January 23, 2010, 6:05pm

LOS ANGELES (Reuters) - Winter storms that have hammered California for nearly a week tapered off on Friday as authorities lifted evacuation orders for most of the 2,000 Los Angeles-area homes in greatest danger of mudslides. With scattered showers and thunderstorms lingering across the state, utility crews worked to restore electricity to 20,000 homes and businesses still without power as of midday, and excavation teams dug out catch basins clogged with mud and debris. The all-clear was given to most of the evacuees from neighborhoods north of Los Angeles where a huge wildfire last summer stripped hillsides and canyons bare, leaving them prone to collapse from five days of drenching rains.

But some residents who live closest to the danger zones were told they would not be permitted to return until geologists and engineers determined it was safe.

Authorities said it was fortunate that the ground held, with relatively minor mud flows washing into streets and damaging just a few houses. ‘’We dodged a bullet,’’ Neal Tyler of the Los Angeles County Sheriff’s Department said at a morning news conference. He and others stressed that the risk was far from over.

‘’A 3- or 4-inch (7.6- or 10-cm) storm this week may have been absorbed, barely absorbed, (but) a 1- or 2-inch (2.5- or 5-cm) storm next week may be far more devastating,’’ Los Angeles County Supervisor Zev Yaroslavsky said. ‘’We have a whole winter yet to come.’’

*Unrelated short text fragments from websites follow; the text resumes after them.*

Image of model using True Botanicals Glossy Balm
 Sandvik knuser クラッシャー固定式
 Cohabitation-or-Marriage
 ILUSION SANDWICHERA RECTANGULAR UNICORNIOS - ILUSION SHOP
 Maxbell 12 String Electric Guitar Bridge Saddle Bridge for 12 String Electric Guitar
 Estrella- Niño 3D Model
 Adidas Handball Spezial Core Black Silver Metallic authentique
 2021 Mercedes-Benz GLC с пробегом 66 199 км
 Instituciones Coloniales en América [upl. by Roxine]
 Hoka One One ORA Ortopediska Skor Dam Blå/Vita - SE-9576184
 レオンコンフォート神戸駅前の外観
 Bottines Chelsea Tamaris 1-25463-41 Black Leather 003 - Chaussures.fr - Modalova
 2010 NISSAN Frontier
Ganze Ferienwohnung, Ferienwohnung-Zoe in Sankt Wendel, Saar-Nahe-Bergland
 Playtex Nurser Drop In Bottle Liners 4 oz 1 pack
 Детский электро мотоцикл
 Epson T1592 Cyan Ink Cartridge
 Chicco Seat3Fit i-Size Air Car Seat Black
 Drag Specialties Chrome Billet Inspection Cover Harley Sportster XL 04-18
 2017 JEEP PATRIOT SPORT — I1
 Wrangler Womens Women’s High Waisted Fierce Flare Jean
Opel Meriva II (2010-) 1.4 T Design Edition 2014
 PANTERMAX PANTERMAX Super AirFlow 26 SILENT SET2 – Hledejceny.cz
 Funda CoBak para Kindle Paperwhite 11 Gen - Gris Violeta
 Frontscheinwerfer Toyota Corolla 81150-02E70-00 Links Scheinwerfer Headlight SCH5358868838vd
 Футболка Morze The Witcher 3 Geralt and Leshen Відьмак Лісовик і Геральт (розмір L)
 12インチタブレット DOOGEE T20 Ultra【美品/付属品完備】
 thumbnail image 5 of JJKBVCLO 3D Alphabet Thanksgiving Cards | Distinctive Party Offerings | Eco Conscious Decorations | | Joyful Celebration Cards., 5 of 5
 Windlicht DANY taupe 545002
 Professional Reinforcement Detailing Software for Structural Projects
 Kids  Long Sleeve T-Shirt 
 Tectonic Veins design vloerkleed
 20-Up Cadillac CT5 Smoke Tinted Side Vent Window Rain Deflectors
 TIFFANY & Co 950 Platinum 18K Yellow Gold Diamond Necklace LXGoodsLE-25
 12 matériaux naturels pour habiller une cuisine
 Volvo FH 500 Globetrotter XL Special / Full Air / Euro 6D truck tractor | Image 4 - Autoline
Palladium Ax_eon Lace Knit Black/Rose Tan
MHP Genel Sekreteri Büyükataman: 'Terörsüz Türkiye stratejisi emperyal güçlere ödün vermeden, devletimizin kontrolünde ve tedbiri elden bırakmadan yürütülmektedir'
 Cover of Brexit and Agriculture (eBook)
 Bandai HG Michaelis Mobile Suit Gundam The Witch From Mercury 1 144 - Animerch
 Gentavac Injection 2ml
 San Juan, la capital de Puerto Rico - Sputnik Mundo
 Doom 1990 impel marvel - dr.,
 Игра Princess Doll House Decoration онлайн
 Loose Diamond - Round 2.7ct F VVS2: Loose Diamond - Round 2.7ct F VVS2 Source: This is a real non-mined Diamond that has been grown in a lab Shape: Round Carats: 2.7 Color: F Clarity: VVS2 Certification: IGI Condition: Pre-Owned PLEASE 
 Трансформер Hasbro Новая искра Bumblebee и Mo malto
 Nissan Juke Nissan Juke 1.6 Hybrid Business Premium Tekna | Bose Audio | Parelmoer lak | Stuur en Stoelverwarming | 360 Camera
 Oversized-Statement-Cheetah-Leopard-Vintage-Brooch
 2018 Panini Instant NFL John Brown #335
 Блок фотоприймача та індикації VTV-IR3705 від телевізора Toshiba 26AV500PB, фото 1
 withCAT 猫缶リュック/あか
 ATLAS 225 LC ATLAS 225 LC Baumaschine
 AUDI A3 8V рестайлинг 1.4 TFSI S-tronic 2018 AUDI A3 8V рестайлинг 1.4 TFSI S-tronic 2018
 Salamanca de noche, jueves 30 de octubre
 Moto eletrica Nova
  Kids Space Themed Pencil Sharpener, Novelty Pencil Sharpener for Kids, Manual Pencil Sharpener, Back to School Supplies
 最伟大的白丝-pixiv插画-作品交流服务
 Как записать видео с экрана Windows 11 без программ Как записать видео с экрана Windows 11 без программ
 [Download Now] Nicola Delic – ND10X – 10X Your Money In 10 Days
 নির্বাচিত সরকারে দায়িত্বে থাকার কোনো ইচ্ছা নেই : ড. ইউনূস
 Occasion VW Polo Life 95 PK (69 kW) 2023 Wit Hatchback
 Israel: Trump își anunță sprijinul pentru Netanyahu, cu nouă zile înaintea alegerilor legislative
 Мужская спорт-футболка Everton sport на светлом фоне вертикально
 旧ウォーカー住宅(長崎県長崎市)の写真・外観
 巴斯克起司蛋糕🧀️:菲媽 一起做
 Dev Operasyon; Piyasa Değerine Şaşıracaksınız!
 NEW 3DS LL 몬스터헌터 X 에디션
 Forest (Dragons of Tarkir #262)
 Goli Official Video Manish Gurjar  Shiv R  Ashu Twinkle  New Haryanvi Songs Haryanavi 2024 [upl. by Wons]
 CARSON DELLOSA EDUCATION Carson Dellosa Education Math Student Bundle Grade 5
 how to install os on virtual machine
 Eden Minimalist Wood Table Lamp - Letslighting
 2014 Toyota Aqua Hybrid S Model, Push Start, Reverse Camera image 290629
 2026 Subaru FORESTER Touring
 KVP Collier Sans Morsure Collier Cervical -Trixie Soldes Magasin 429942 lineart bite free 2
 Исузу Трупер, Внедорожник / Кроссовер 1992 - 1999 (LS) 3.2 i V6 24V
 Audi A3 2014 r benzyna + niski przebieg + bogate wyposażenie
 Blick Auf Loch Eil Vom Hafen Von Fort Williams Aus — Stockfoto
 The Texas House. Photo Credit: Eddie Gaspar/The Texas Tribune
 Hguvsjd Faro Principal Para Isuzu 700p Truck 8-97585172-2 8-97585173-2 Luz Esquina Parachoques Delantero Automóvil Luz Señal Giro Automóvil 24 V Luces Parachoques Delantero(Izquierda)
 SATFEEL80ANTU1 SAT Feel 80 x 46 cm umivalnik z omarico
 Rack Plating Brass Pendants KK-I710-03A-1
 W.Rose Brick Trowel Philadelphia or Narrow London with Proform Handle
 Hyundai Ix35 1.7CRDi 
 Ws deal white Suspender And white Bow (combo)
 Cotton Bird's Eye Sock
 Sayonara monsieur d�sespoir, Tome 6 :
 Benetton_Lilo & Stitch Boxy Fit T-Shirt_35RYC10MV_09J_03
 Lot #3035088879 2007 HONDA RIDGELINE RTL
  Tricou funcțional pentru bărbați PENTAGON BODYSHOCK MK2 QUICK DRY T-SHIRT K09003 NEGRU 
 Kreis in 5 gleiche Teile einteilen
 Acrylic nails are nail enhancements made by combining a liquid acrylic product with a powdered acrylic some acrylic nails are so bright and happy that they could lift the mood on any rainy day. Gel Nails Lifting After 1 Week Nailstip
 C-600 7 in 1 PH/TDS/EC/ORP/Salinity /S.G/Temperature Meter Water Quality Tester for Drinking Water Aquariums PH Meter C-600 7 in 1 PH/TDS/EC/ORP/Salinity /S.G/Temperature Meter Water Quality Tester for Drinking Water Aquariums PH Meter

The weather service reported another storm, though weaker, could sweep into the region early next week. State Attorney General Jerry Brown, acting in place of Governor Arnold Schwarzenegger who was traveling, declared a state of emergency for parts of California stretching from the Orange County coast to the Oregon border. Schwarzenegger returned on Friday to survey the rain damage.